Egypt’s political and economic turmoil has clearly taken its toll on the series' production costs as well as the themes they tackle this year.

Around 55 new series are being broadcast on Egyptian and Arab satellite channels this Ramadan, including seven that had already been produced in 2012, but postponed until now.

The number of drama shows screened on the small screen this Ramadan has not suffered a sharp decline in comparison to last year’s production, which saw 60 dramas aired.

The total cost of production, however, has fallen from LE1.5 billion (US$213 million) last year to LE900 million ($128 million) this year. 

Deep-running political rifts dominate TV series this year more than ever. There's no escape from the seemingly all-consuming tensions of everyday life in Egypt.

Al-Daiea (The Preacher), one of the most talked about TV series this Ramadan, tackles the controversial issue of whether art is religiously proscribed or not.

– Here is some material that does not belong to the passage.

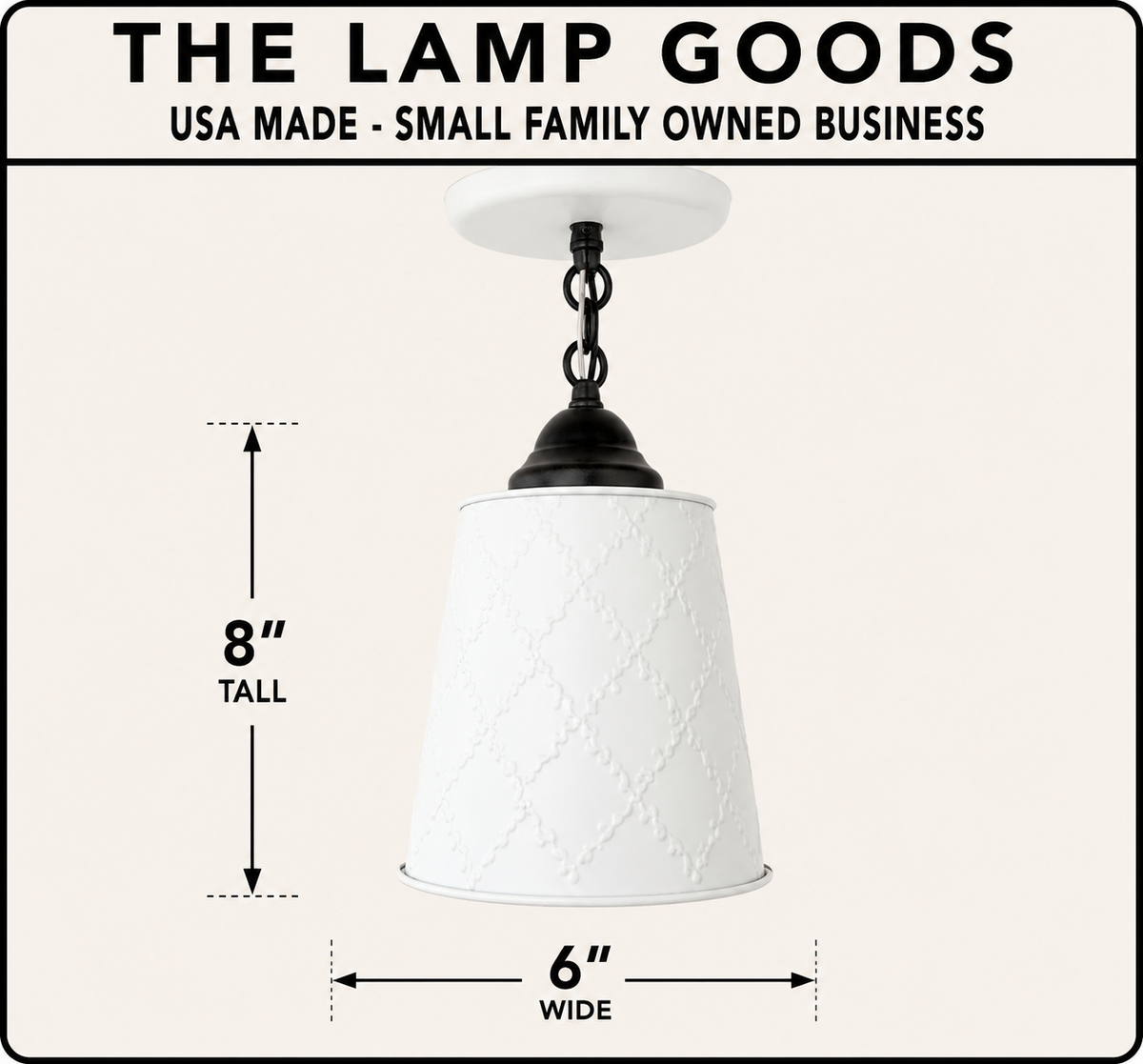 Embossed White Tin Ceiling Light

It's an issue that has been frequently debated in Islamic societies, but strongly stirred over the past couple of years in Egypt after Islamists ascended to power.   

Nader Aldy, critic, described the series as a “challenge” to the conservative ideologies extolled by some preachers and so-called religious scholars during the one-year rule of the Muslim Brotherhood.

The story, which was written by Medhat al-Adl before the downfall of Islamist President Mohamed Morsy, focuses on the clash between art and extremism and how Islamists use religion as a tool to brainwash people to fulfil their own political ends.

This clash is presented between ultra-conservative preacher Youssef (Hani Salama) and an activist and violinist Nesma (Basma). The preacher gradually changes his perspective on music.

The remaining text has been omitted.